In addition, an advanced concurrency control feature known as escrow locking is supported by ESE. Escrow locking is an extremely concurrent update where a numeric value is changed in a relative fashion, i.e. by adding or subtracting another numeric value. Escrow updates are non-conflicting even with other concurrent escrow updates to the same datum. This is possible because the operations supported are commutable and can be independently committed or rolled back. As a result, they do not interfere with concurrent update transactions. This feature is often used for maintained aggregations.
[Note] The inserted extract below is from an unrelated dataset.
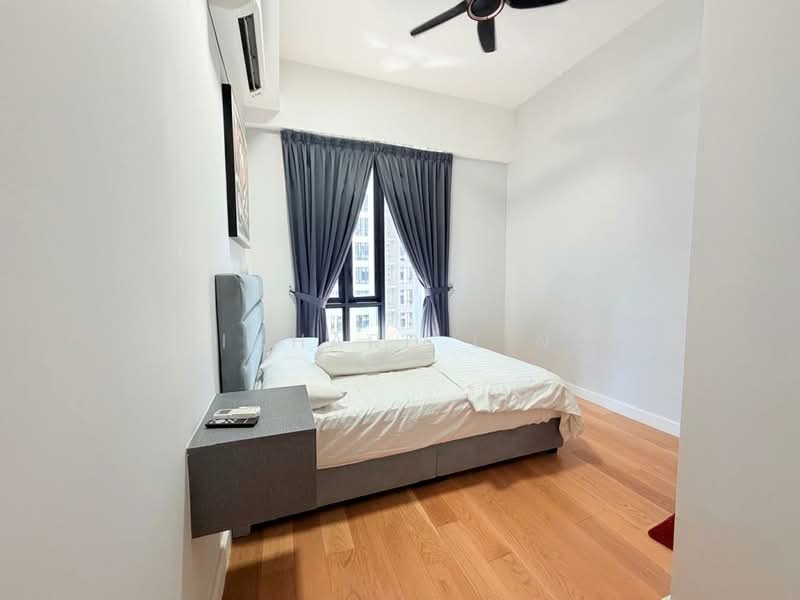 Servis Apartment untuk Disewa di The Sentral Suites - Richard Ling - Bedroom - PropertyGuru.com.my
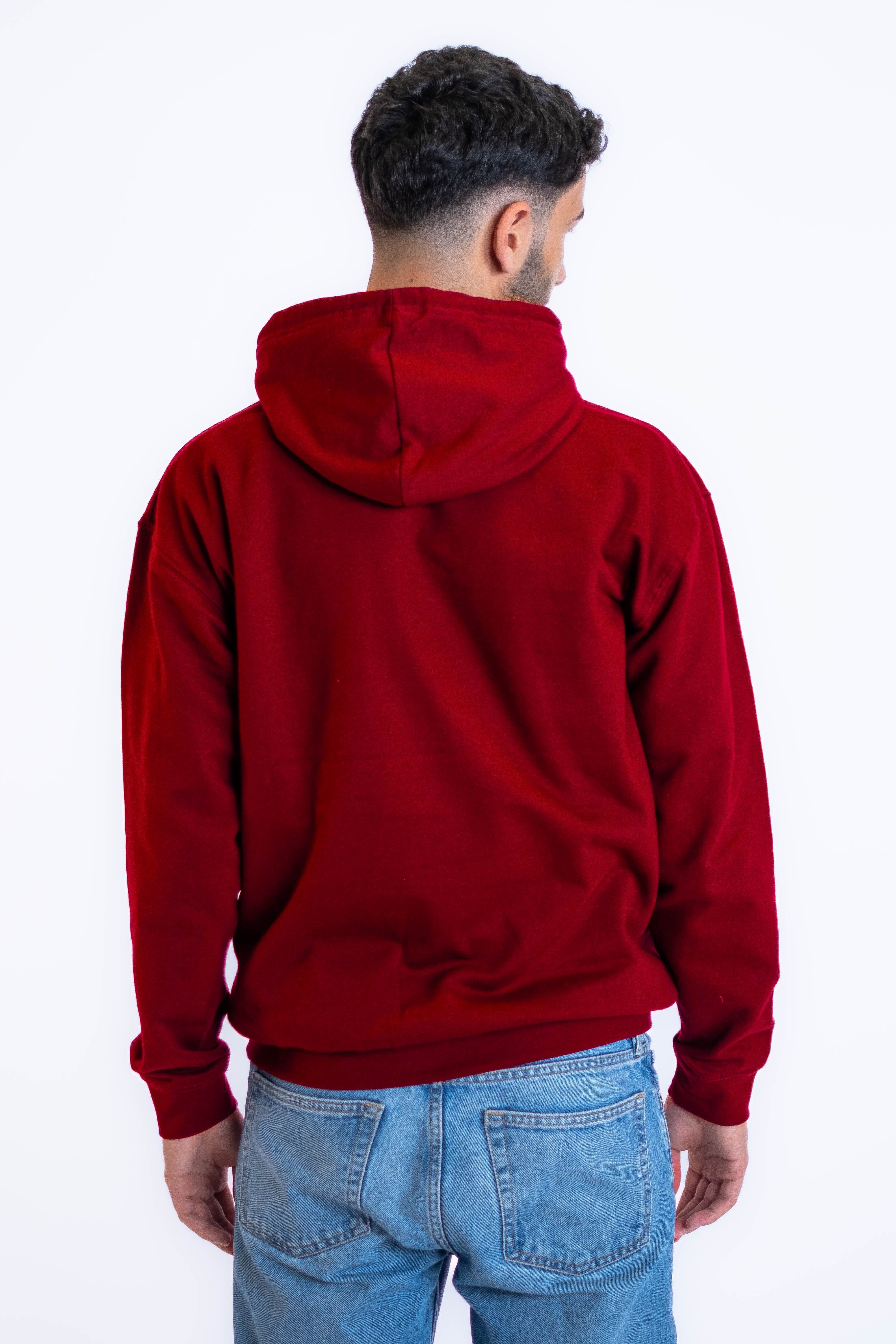 Hoodie Willi - unisex-zoom-35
ESE also extends transaction semantics from data manipulation operations to data definition operations. It is possible to add an index to a table and have concurrently running transactions update the same table without any transaction lock contention whatsoever. Later, when these transactions are complete, the newly created index is available to all transactions and has entries for record updates made by other transactions that could not perceive the presence of the index when the updates took place. Data definition operations may be performed with all the features expected of the transaction mechanism for record updates. Data definition operations supported in this fashion include AddColumn, DeleteColumn, CreateIndex, DeleteIndex, CreateTable and DeleteTable.
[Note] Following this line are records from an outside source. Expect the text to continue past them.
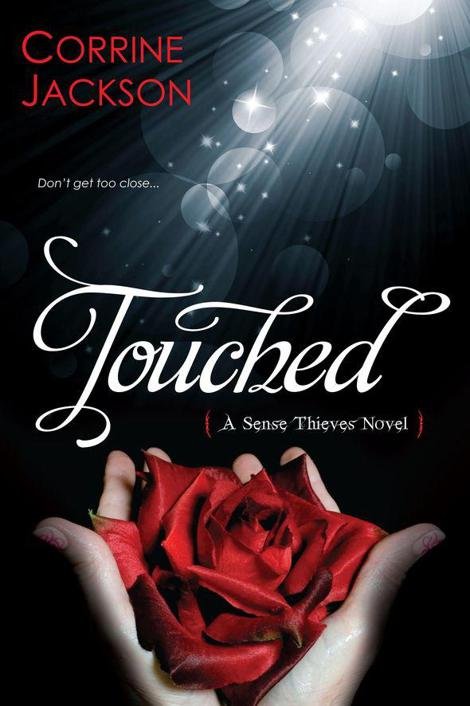 Cover of Touched (2012)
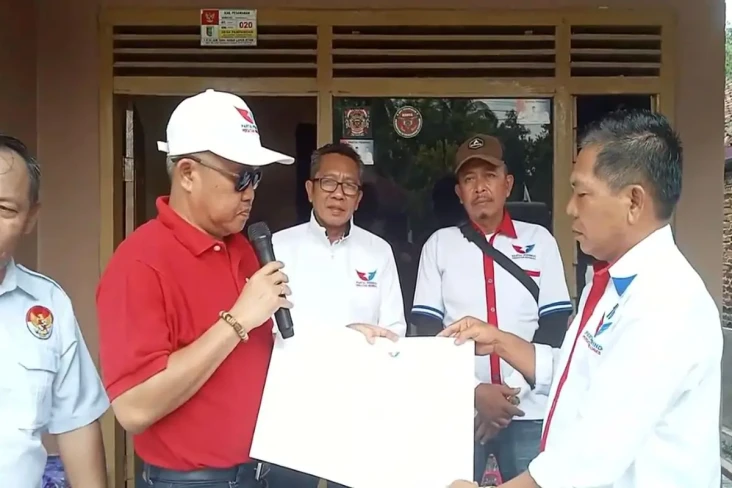 DPW Perindo Lampung...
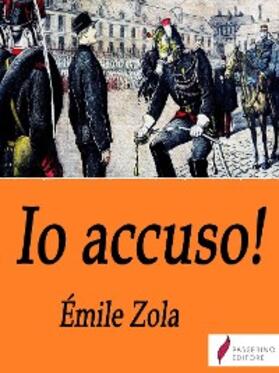 Zola |  Io accuso...! | eBook | Sack Fachmedien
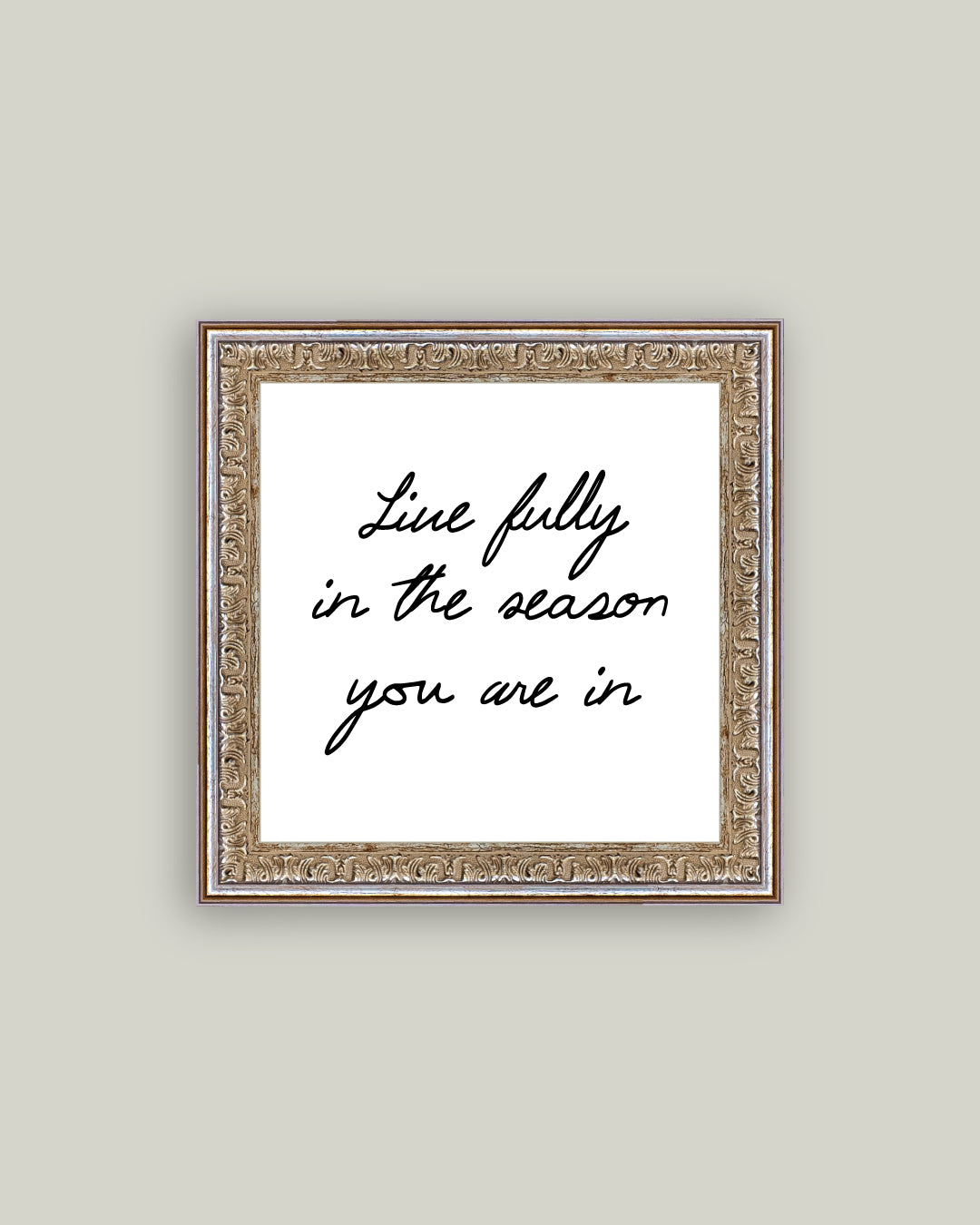 Live Fully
[edit] Cursor Navigation and the Copy Buffer

A cursor is a logical pointer within a table index. The cursor may be positioned on a record, before the first record, after the last record or even between records. If a cursor is positioned before or after a record, there is no current record. It is possible to have multiple cursors into the same table index. Many record and column operations are based on the cursor position. Cursor position can be moved sequentially by Move operations or directly using index keys with Seek operations. Cursors can also be moved to a fractional position within an index. In this way, the cursor can be quickly moved to a thumb bar position. This operation is performed with the same speed as a Seek operation. No intervening data must be accessed.
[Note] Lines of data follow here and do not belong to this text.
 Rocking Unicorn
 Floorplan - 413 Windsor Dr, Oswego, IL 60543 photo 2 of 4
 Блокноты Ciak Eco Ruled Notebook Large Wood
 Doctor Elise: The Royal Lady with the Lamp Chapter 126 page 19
Each cursor has a copy buffer in order to create a new record, or modify an existing record, column by column. This is an internal buffer whose contents can be changed with SetColumns operations. Modifications of the copy buffer do not automatically change the stored data. The contents of the current record can be copied into the copy buffer using the PrepareUpdate operation, and Update operations store the contents of the copy buffer as a record. The copy buffer is implicitly cleared on a transaction commit or rollback, as well as on navigation operations. RetrieveColumns may be used to retrieve column data either from the record or from the copy buffer, if one exists.

[edit] Query Processing

ESE applications invariably query their data. This section of the document describes features and techniques for applications to write query procession logic on ESE.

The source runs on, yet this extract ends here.